Legendary sportscaster Bob Costas spoke to Marist students and professors virtually on Thursday evening to kick off the Sports Communication Speaker Series.
Costas currently works for the MLB Network. He is best known for his tenure with NBC where he hosted 11 Olympic Games. Those in attendance were lucky enough to hear nearly 50 years worth of advice and anecdotes in the broadcasting field.
Costas started the conversation by discussing his origins. He grew up in what he described as “a masterclass of sportscasting” in New York. With celebrated broadcasters such as Marty Glickman and Marv Albert who covered the Knicks, Giants and Jets, Costas was inspired from a young age. After learning Glickman and Albert were Syracuse alums, there was only one logical place for Costas to go if he wanted to be just like them.
He began his career while at Syracuse, working at WSYR on television and radio, which at the time were the only two places to digest sports media. From there, he made his way to KMOX in St. Louis covering the Spirits of St. Louis of the American Basketball Association for $11,000 a year.
“If I had $11,000, I would’ve paid them for the job,” said Costas with a laugh as he recalled the memory. At the time Costas was grateful just to be getting an opportunity. It’s that love and passion that has allowed him to remain relevant all of these years. It certainly was on display for the students to see.
“I’m downright sentimental and nostalgic,” he exclaimed after sounding off on his desires for the introduction of more real journalism and commentary in the world of sports media. He stressed the importance of getting to the bottom of stories in an unbiased manner.
In a separate disquisition, Costas advised all of the students to be mindful of the way they consume their media as they sort through a “tsunami of information”.
He cited media literacy as one of the most important skills an aspiring journalist can have; stating that the better one gets at recognizing credible information, the better they are at creating credible journalism. As long as people can trudge through the “thicket of B.S.”, as Costas described modern media, then they can truly access the real news.
Costas described how this would help him prior to covering games, where producers would overload him with information and he had to select what was necessary to remember, and what could be put on the backburner. Costas was adamant in explaining that in broadcasting preparation is paramount.
He recalled nights where he would cram for shows as if he was one of the college students in attendance, but ultimately shared that it’s about being a generalist who can bring bits of information to the table in a myriad of fields.
“The better rounded you are as a person, the more interesting you will be,” he stated.
Costas certainly had dozens of aspiring journalists interest’s piqued on Thursday evening. After giving the discourse on his career and media literacy, he opened the floor up to a Q&A with the students, many of whom are real fans of his work.
They asked questions about his Sunday Night Football essays that he used to deliver, iconic calls such as his famous “Bryant to Shaq!” exclamation from the 2000 NBA Playoffs, as well as many of the best moments he got to cover live at the Olympics.

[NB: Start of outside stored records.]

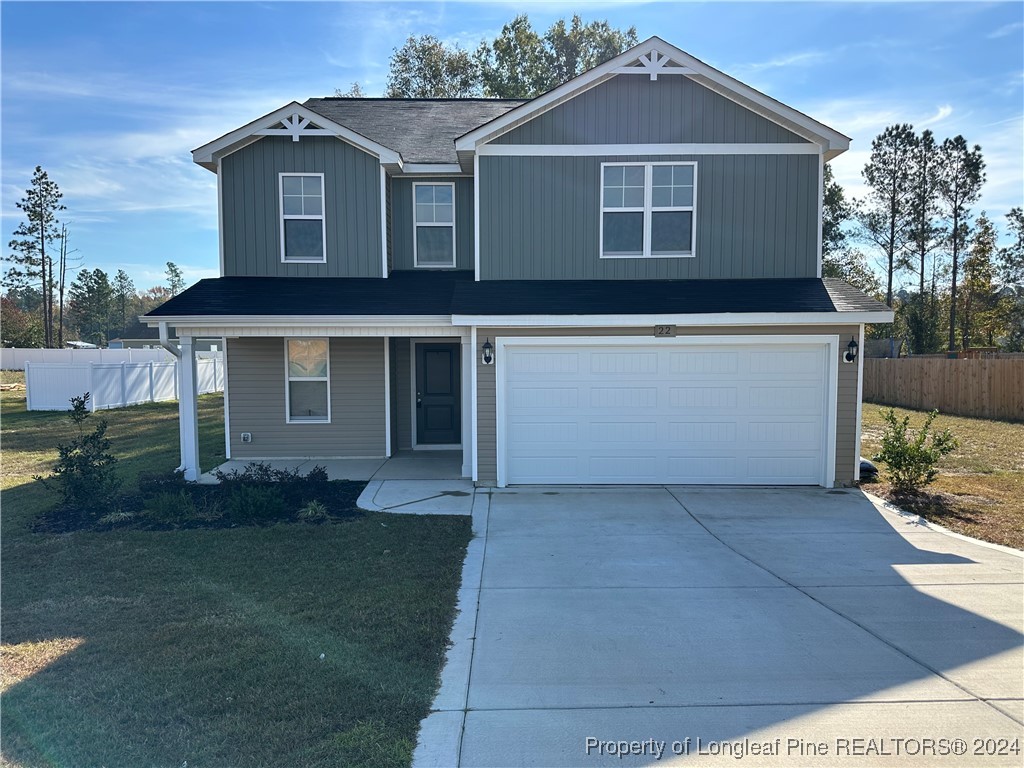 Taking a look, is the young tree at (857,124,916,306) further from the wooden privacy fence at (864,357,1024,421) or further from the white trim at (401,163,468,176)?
the white trim at (401,163,468,176)

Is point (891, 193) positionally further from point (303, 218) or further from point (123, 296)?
point (123, 296)

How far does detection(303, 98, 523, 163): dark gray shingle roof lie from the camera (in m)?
12.6

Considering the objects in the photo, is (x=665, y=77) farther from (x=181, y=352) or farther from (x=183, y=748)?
(x=183, y=748)

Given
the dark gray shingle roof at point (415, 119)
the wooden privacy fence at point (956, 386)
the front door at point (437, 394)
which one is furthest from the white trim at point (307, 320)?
the wooden privacy fence at point (956, 386)

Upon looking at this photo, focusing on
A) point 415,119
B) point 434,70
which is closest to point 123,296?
point 434,70

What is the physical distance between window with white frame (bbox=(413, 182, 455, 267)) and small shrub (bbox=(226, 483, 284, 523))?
563 centimetres

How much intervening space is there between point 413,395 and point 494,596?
7.53 metres

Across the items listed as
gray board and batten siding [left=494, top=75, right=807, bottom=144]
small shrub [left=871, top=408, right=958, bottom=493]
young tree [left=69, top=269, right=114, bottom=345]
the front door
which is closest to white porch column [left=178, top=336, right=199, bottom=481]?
the front door

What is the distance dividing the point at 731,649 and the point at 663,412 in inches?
214

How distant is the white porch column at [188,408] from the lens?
33.1ft

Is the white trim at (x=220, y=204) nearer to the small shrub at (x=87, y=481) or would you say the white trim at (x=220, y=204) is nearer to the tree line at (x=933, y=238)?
the small shrub at (x=87, y=481)

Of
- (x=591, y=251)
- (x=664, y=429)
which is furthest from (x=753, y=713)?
(x=591, y=251)

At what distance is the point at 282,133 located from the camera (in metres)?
11.4

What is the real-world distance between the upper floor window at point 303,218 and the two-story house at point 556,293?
0.11 ft
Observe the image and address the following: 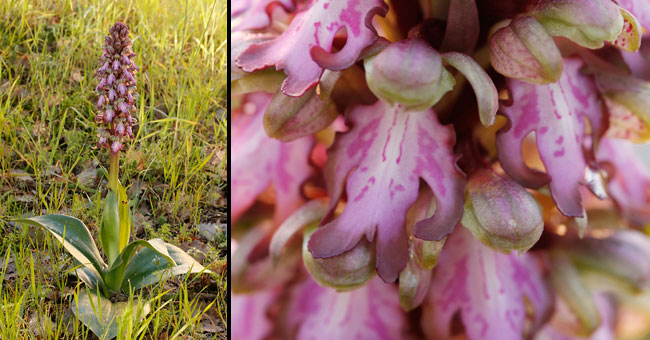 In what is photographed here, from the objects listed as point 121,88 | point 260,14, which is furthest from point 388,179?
point 121,88

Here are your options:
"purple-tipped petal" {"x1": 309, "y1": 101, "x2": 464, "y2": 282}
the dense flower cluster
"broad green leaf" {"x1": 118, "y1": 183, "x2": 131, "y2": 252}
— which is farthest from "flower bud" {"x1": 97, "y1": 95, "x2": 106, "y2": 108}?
"purple-tipped petal" {"x1": 309, "y1": 101, "x2": 464, "y2": 282}

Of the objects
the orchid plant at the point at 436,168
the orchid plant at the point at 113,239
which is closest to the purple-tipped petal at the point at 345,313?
the orchid plant at the point at 436,168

“Sometimes it’s more about taking the context of the story, and being aware of the moment,” said Costas describing what it’s like to be a part of such major moments.
He left the students with an anecdote about watching and broadcasting live as Muhammad Ali lit the Olympic torch at the Atlanta games in 1996. He summed up the emotions and drama that come along with sports, and advised everyone on the call to allow the “theatre” as he calls it, to unfold in front of them.
Bob Costas will always be regarded as one of the greatest sports broadcasters for the way he can call a game, but also the way he can tell the story and follow the narrative is second to none. He left the call with one last piece of advice to the Marist community. He encouraged the young, aspiring broadcasters to drive the narratives as they fill in the gaps as storytellers. If they did all those things, they could be the next generation of Bob Costas.